Interpretive Summary: Biodiesel is an alternative to petroleum-derived diesel fuel. While biodiesel fuel is usually produced from vegetable oils, such as soybean oil, or other feedstocks, such as animal fats and waste frying oils, in recent years, oils made from algae have been gaining interest as potential sources. The biodiesel derived from algal oils has been beset, however, with problems related to fuel properties. This work now describes a novel approach to improving the fuel properties of biodiesel from algal oils by bleaching the fuel. The bleaching process removes components from the biodiesel that negatively impact fuel properties. As a result, the bleached biodiesel fuel has improved cold flow and combustion properties as indicated by the higher cetane number, which is a measure of diesel fuel ignition. This approach may prove useful for improving the properties of other biodiesel fuels derived from algal oils.
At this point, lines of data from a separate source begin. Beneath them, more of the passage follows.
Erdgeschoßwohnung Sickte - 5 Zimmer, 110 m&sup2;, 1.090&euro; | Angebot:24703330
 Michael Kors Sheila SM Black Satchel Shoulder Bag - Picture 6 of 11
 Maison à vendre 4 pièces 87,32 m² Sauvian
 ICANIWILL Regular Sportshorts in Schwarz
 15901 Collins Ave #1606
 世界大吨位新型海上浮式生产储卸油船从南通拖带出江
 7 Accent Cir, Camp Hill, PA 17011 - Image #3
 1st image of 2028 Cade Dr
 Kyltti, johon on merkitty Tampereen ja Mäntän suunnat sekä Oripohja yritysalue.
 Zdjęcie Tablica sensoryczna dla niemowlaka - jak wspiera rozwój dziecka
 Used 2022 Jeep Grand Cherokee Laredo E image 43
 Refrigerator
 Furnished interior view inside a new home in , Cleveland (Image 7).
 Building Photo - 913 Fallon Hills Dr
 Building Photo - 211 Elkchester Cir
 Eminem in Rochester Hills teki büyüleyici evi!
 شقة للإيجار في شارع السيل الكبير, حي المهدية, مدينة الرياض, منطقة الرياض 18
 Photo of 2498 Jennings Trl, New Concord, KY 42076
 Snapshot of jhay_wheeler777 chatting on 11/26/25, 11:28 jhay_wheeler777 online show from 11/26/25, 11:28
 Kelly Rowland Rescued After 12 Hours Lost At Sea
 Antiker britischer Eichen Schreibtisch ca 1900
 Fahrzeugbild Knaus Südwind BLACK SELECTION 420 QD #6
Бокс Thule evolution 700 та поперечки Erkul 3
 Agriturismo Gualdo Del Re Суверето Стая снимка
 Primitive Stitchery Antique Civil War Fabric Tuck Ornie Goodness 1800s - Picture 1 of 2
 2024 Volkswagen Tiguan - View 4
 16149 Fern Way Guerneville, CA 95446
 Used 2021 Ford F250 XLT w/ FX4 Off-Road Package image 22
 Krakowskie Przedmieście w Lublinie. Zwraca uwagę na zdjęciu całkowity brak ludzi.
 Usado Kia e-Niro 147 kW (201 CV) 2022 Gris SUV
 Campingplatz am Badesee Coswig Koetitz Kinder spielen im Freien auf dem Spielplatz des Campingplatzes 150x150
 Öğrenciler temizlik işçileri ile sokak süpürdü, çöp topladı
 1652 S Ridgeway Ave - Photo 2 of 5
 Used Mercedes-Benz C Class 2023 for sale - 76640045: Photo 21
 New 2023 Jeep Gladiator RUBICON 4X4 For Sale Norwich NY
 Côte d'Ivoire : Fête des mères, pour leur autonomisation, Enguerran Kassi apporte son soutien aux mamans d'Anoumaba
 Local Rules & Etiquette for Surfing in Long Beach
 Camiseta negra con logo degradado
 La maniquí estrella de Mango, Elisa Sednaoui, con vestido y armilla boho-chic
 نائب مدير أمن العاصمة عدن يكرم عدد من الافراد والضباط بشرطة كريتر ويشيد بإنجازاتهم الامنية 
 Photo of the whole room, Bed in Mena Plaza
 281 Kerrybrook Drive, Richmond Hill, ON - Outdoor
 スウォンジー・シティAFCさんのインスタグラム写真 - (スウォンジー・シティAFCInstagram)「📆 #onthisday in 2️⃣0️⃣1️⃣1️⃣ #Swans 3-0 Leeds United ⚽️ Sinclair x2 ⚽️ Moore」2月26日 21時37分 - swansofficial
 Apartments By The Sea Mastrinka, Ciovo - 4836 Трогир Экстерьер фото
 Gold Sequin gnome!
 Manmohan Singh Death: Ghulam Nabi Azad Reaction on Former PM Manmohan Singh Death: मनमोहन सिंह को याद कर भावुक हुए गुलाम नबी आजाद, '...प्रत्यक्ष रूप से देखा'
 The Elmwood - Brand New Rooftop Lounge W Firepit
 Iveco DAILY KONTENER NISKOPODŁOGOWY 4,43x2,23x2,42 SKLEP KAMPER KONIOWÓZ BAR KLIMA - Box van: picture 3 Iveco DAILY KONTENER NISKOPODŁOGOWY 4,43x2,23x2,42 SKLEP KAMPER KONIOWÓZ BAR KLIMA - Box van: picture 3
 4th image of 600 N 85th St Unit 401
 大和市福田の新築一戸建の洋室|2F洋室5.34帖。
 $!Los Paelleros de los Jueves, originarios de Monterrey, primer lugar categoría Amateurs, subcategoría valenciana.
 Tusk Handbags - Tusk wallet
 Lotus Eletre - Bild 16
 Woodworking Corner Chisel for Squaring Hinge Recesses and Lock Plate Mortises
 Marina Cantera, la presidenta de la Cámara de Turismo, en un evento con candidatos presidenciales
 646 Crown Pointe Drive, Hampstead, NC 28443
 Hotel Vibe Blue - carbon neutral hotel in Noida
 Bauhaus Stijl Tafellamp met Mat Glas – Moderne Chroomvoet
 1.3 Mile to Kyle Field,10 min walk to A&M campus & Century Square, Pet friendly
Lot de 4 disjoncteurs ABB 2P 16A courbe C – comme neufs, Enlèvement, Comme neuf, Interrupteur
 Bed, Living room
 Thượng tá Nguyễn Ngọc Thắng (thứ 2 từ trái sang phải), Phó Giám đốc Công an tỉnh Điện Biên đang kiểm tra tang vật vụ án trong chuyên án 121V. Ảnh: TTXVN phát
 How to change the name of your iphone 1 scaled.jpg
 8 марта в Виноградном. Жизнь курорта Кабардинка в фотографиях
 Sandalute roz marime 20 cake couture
Technical Abstract: Results from the comprehensive fuel testing according to the American Society for Testing and Materials International (ASTM) standards of an alkenone-free and decolorized biodiesel produced from the industrially grown marine microalgae Isochrysis sp. are presented. Fatty acid methyl ester (FAME) profiles of the non-decolorized and subsequently decolorized biodiesel fuels were nearly identical, yet the fuel properties were remarkably different. Significant positive impacts on the cetane number, kinematic viscosity, and lubricity were observed, indicating a potential deleterious effect of pigments like chlorophylls and pheophytins on these fuel properties. The decolorization process using montmorillonite K10 gave an average 90% mass recovery, and allowed for an otherwise unobtainable cloud point determination. Oxidative stability of the decolorized Isochrysis biodiesel remained well below the minimum prescribed in biodiesel standards due to elevated content of highly polyunsaturated fatty acids, however other values were in the range of those prescribed in the ASTM standards. Overall, decolorization improved the fuel properties of biodiesel from Isochrysis and may provide a path toward improved biodiesel fuels from other algal species.